Türkiye Cumhuriyet Merkez Bankası’nın (TCMB) Başkan Yardımcısı Hatice Karahan, Washington’da gerçekleştirilen Uluslararası Finans Enstitüsü (IIF) Küresel Görünüm Forumu’nda önemli bir konuşma yaptı. “Değişen Küresel Likidite Koşulları Karşısında Merkez Bankacılarının İkilemleri” başlıklı oturumda, Türkiye’nin son iki yıl içerisinde yaşadığı dezenflasyon sürecinin dinamiklerini ele aldı. Karahan, bu sürecin hem iç faktörler hem de dalgalı küresel ortamla şekillendiğini vurguladı.
Karahan, dezenflasyon sürecinin temel bileşenlerini; talepteki ılımlı seyir, Türk lirasının reel değerlenmesi ve enflasyon beklentilerindeki iyileşme olarak sıraladı. Kendisi, para politikasını kademeli ve belirgin bir şekilde sıkılaştırma adımları ile bu süreçte önemli ilerlemeler kaydedildiğini belirtti. Ayrıca, iç talebin ılımlı hale gelmesi sayesinde cari açığın GSYH’nın yüzde 6’sından yüzde 1’in altına düştüğünü de ifade etti.
Karahan, enflasyon verilerine ilişkin de çarpıcı bilgiler paylaştı: “Enflasyon beklentileri, piyasa profesyonelleri, hane halkları ve firmalar açısından iyileşme göstermekte. Mayıs 2024’teki enflasyon oranı yüzde 75 iken, Mart 2025’te bu oran yüzde 38,1’e düştü,” dedi.
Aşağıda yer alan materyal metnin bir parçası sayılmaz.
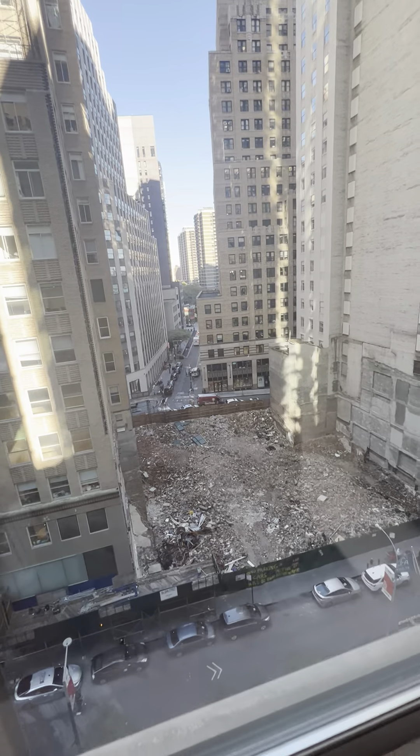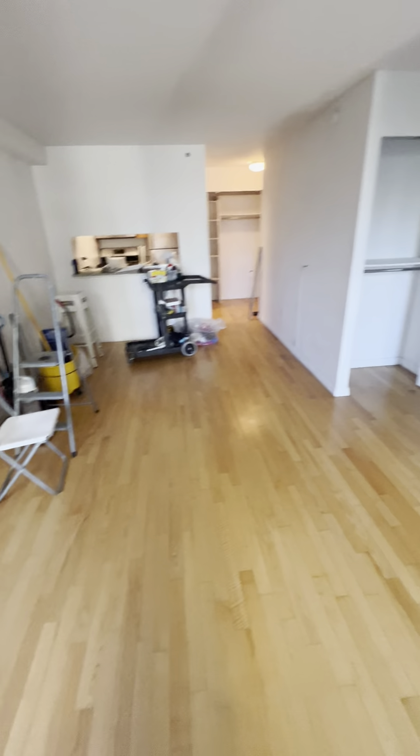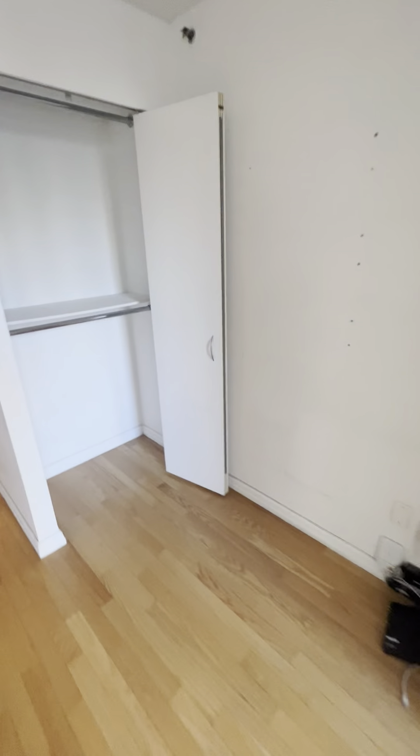And so you have a closet here, and then you also have a closet here by the entrance. Very nice. So lots of storage, plus another little closet space here, which is small. And here it is here.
Son on aydır ardı ardına düşen yıllık enflasyonun, fiyat baskılarında belirgin bir yavaşlamaya işaret ettiğini de sözlerine ekledi.
Bununla birlikte, Karahan, enflasyonun tek haneli seviyelere düşürülmesinin hala öncelikli hedefleri olduğunun altını çizerek, “Enflasyonun özellikle hizmet kalemlerinde yapışkan olduğunu görüyoruz; bu da ekonomik belirsizlikler ve fiyatlandırma başta olmak üzere çeşitli faktörlerden kaynaklanıyor.” dedi. Ancak düşen manşet enflasyon ile bu konuda daha fazla iyileşme beklediklerini de sözlerine ekledi.
Karahan, küresel belirsizlikler ile ilgili olarak, “Bu süreçte Türk lirasının reel değer kazanımı, uluslararası sermaye akımları ile birlikte bir güven artışını da beraberinde getirdi,” ifadesini kullanarak, ekonominin güçlenme sinyalleri verdiğini belirtti. Para politikalarının sıkı duruşunun, dalgalı küresel ekonomi dönemlerinde temel risk yönetimi unsuru olarak devam edeceğini vurguladı.
Türkiye’nin Dış Şoklara Karşı Konumu üzerine de değerlendirmelerde bulunan Karahan, “Türkiye, dış şoklara karşı daha iyi bir konumda” olduğunu belirtti. Cari açığın düşük, dış borç çevirme oranının ise önemli ölçüde iyileştiğini ifade ederek, bu durumun Türk ekonomisini olumlu etkilediğini söyledi.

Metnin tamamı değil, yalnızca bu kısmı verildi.